**Material for this exercise:**
******

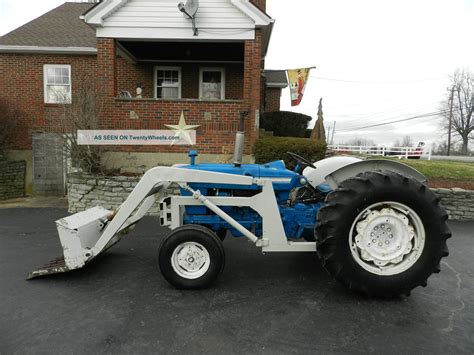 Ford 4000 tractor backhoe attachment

******

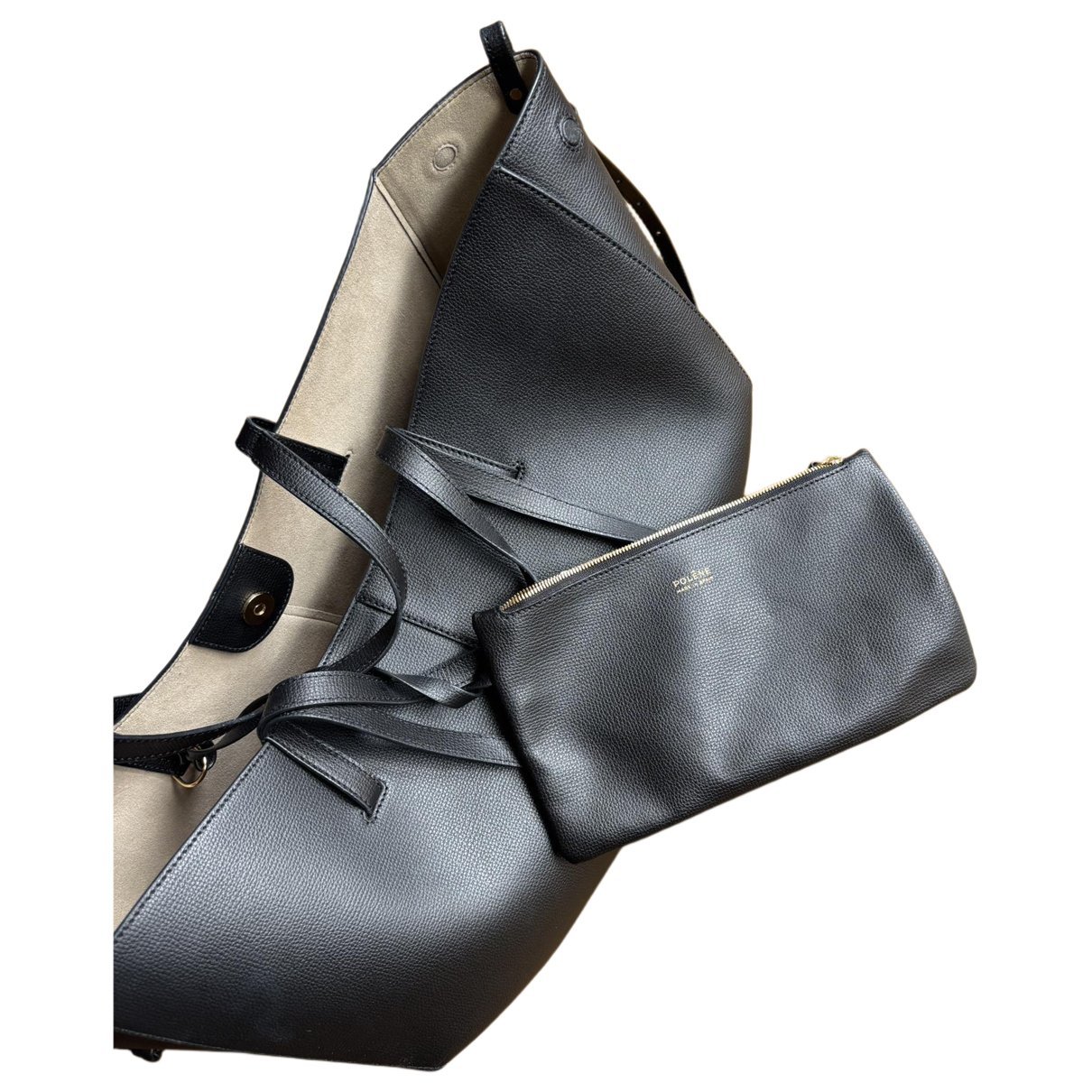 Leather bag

******

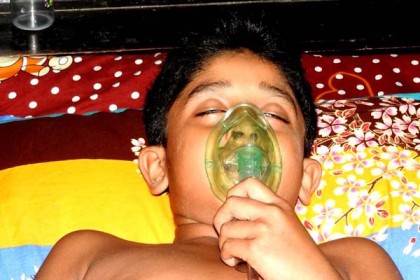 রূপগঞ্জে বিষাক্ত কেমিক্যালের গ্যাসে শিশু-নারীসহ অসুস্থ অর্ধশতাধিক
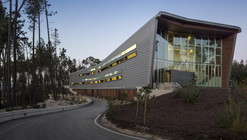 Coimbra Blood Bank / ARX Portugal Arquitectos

******

**Work request:** What you write out is the stretch of entries from the line containing "রূপগঞ্জে বিষাক্ত কেমিক্যালের" to the line containing "Coimbra Blood Bank", word for word, with both end lines and no pictures.

**Result:**
 রূপগঞ্জে বিষাক্ত কেমিক্যালের গ্যাসে শিশু-নারীসহ অসুস্থ অর্ধশতাধিক
 Coimbra Blood Bank / ARX Portugal Arquitectos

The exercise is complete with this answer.